Entre os eixos centrais estão a instalação de equipamentos públicos, a qualificação de serviços básicos e a implementação de políticas voltadas à juventude, apresentadas como instrumentos para reduzir a influência de grupos criminosos e ampliar o acesso da população a direitos fundamentais. O próprio texto do plano enfatiza que a presença estatal deve ser contínua e operacional, com cronograma objetivo e alocação obrigatória de recursos federais, estaduais e municipais, inclusive aqueles oriundos de emendas parlamentares impositivas.
O documento também prevê a elaboração de planos táticos e operacionais específicos para cada território, com definição clara de fases, responsabilidades institucionais, prazos de execução e fontes de financiamento, numa tentativa de evitar soluções genéricas e promessas difusas que, no passado, se perderam entre discursos e ações desconectadas.
No pedido encaminhado ao Supremo, o Estado do Rio de Janeiro solicitou a juntada formal do plano aos autos da ADPF 635 como comprovação do cumprimento da decisão judicial. Caberá agora ao relator analisar se as medidas apresentadas atendem, de fato, às exigências fixadas pela Corte e se possuem viabilidade prática diante da complexidade do cenário fluminense.
Conhecida como “ADPF das Favelas”, a ação é um dos processos mais sensíveis em tramitação no STF sobre segurança pública no Rio de Janeiro. Ela estabelece limites às operações policiais, sobretudo em áreas densamente povoadas, ao mesmo tempo em que cobra do Estado políticas estruturantes capazes de substituir a lógica exclusivamente repressiva por uma atuação mais ampla e duradoura.
Na primeira fase, a nova etapa da ação deve se concentrar em Muzema, Rio das Pedras e Gardênia Azul, localidades situadas em um eixo considerado crítico de Jacarepaguá, na Zona Oeste do Rio. A região é marcada por disputas permanentes entre facções do tráfico de drogas e grupos milicianos, com impacto direto na mobilidade urbana e na segurança de bairros estratégicos como Barra da Tijuca e Recreio dos Bandeirantes.

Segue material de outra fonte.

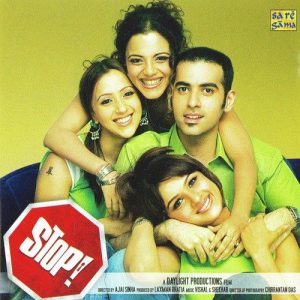 Stop Title MP3 song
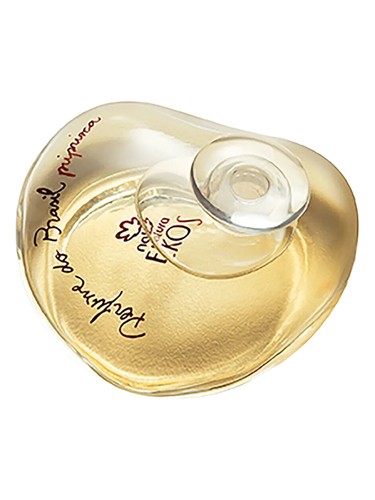 Priprioca Parfum Perfume do Brasil Natura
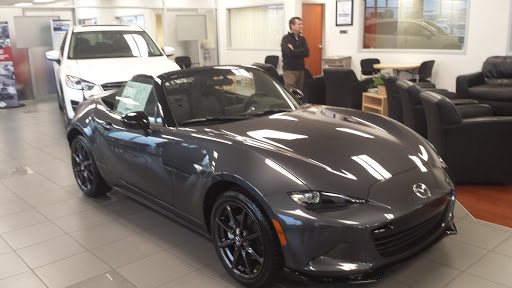 Subaru Dealer «Riley Subaru», reviews and photos, 4455 Dodge St, Dubuque, IA 52003, USA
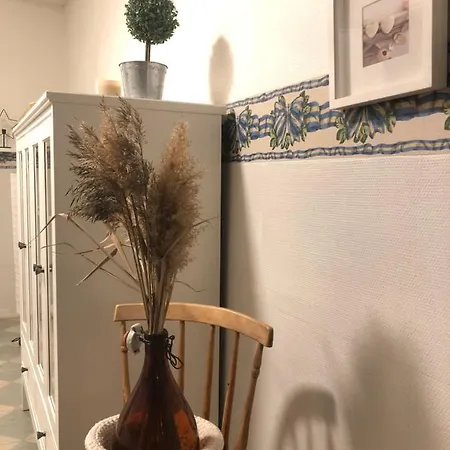 Haus Anna Couette-café *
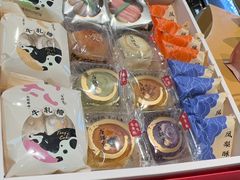 -唐饼家(龙之梦购物中心虹口店)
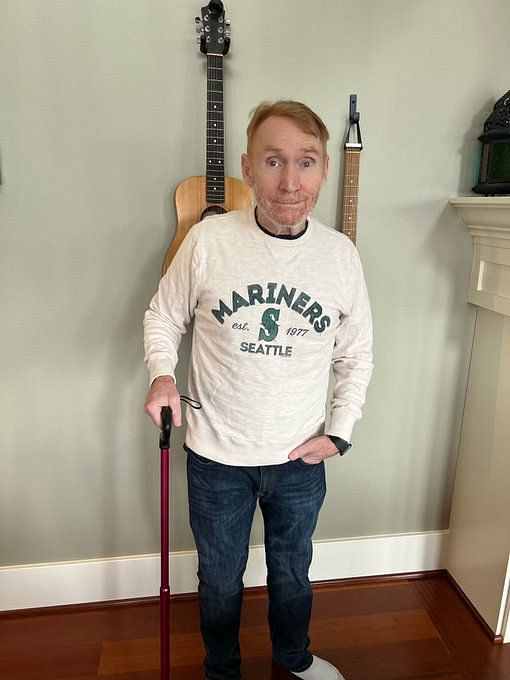 What happened to Danny Bonaduce? Health explored as actor takes medical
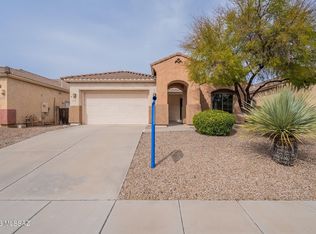 1230 W Rodriguez Rd, Tucson, AZ 85755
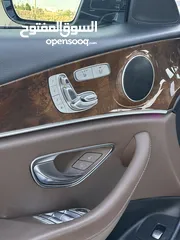  22 مرسيدس E350e فحص كامل وارد الوكالة Mercedes AMG KIT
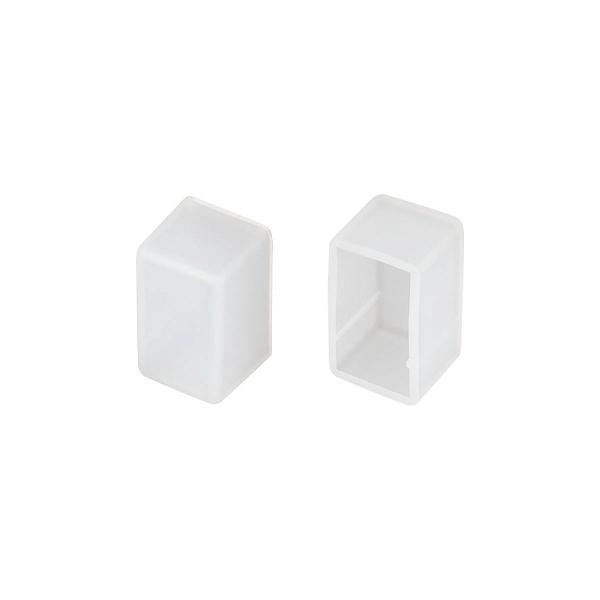 Заглушка Arlight WPH-FLEX-1018-SIDE WHITE глухая 040855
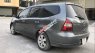 Nissan Livina 2011 - Cần bán gấp Nissan Livina sản xuất năm 2011, màu xám, nhập khẩu nguyên chiếc chính chủ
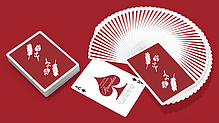 Карти гральні | Remedies Playing Cards by Madison x Schneider, фото 2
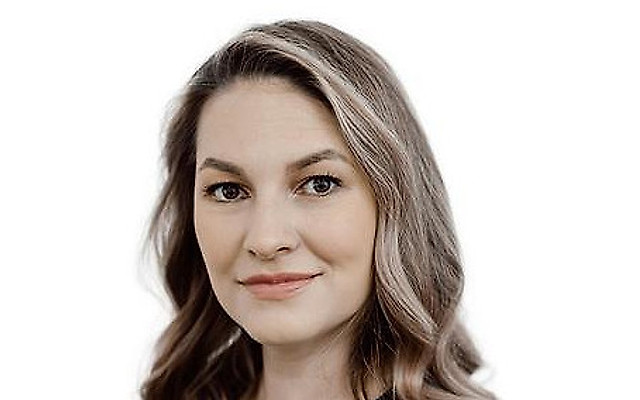 Кашева (Садекова) Ирина Дмитриевна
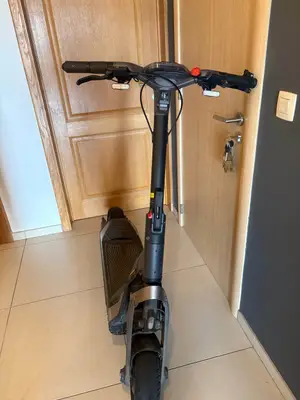 Trottinette disponible - Miniature 2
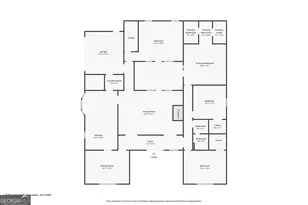 3725 Nutmeg Dr, Columbus, GA 31909 - Photo 2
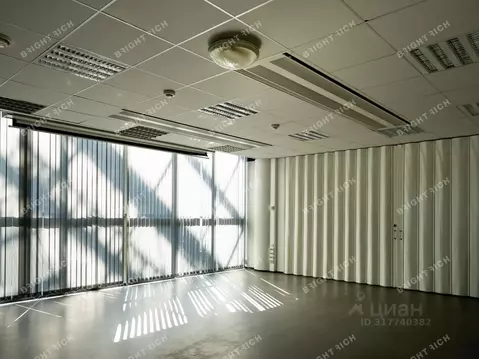 Офис в Санкт-Петербург Приморский просп., 54к1 (2953 м)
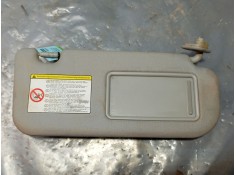 Recambio de parasol derecho para hyundai ix35 (lm, el, elh) 1.7 crdi referencia OEM IAM   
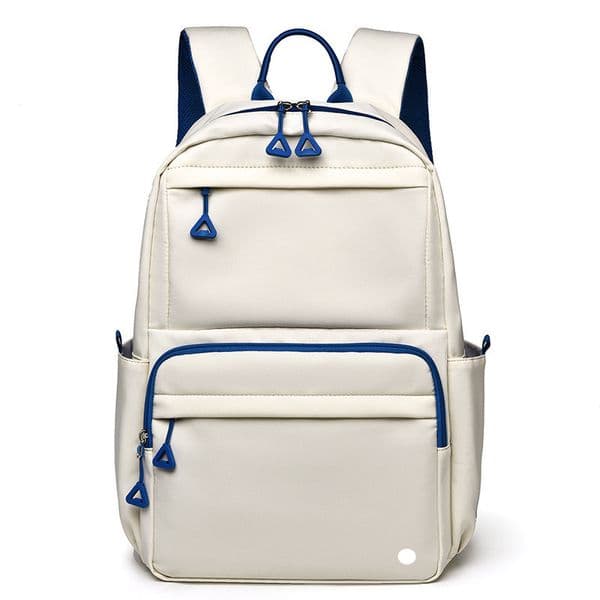 Outdoor Backpack Bag Bookbag Studen Casual Daypack Yoga Gym Backpack School Bag Teenager Rucksack
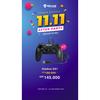 Gambar Rexus GX1 Gladius Pro Gaming Gamepad - Joystick / Stick dari Trinity Official Store Jakarta Barat 1 Tokopedia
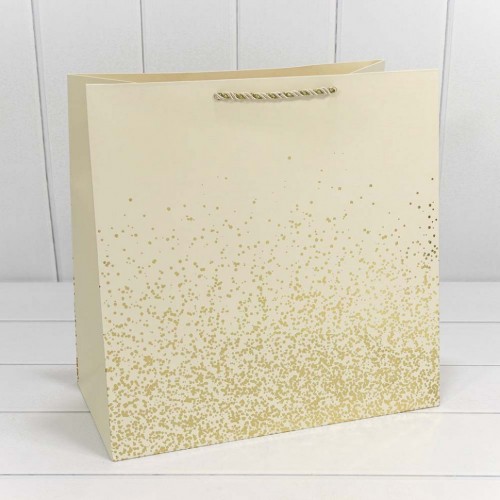 Пакет подарочный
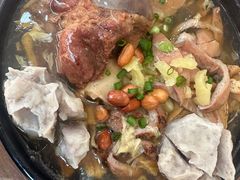 -阿芬卤面(花巷店)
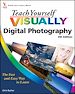 Télécharger le livre :  Teach Yourself VISUALLY Digital Photography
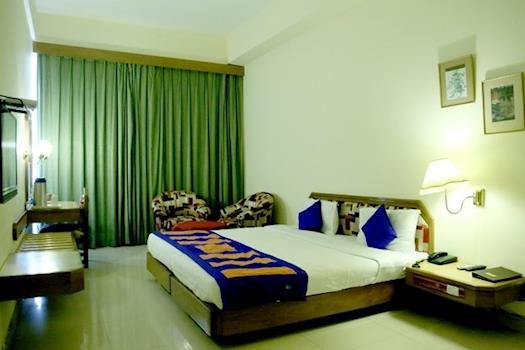 Accommodation at Hotel President Chandigarh At hotelpresidentchandigarh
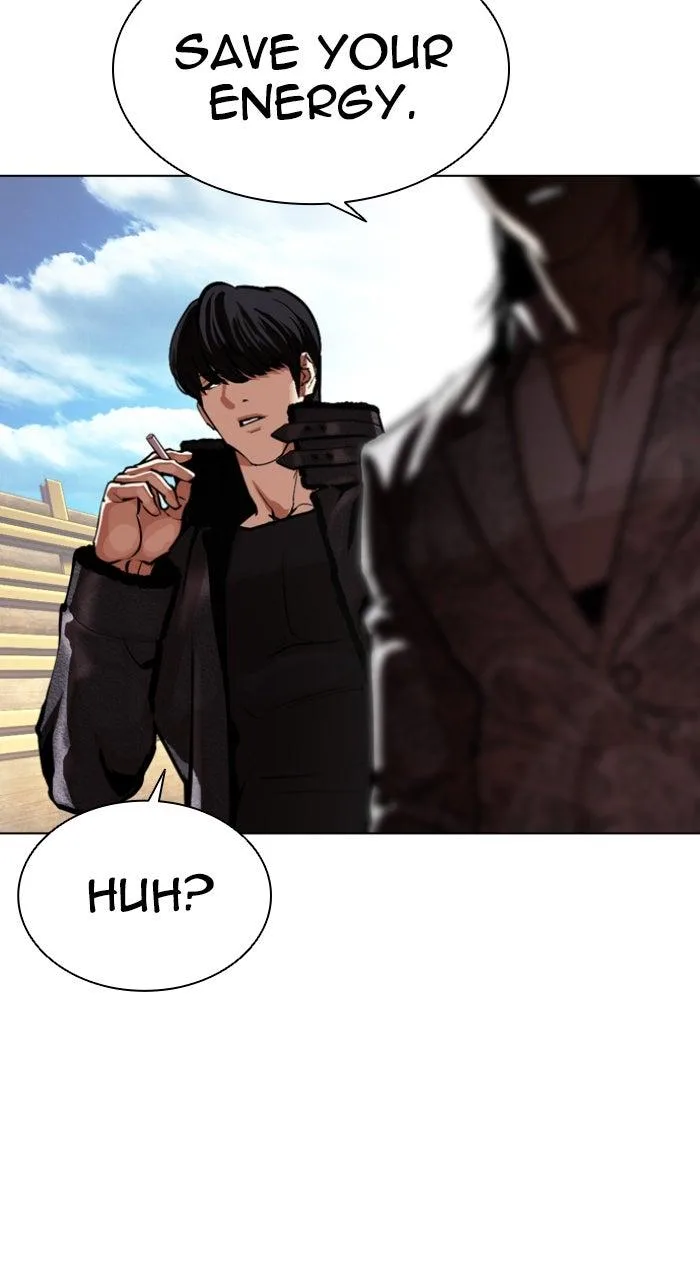 Lookism - Chapter 591 - Page 161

Jacarepaguá foi escolhida como área piloto por reunir, simultaneamente, os três principais grupos criminosos em atuação no estado: Comando Vermelho, milícias e Terceiro Comando Puro. Apesar do avanço do tráfico, as milícias seguem exercendo forte influência, sobretudo no controle de serviços essenciais e lucrativos, como distribuição de gás, internet, transporte alternativo e exploração imobiliária, sustentando uma economia ilegal que se infiltra no cotidiano da população e desafia, há anos, a autoridade do Estado.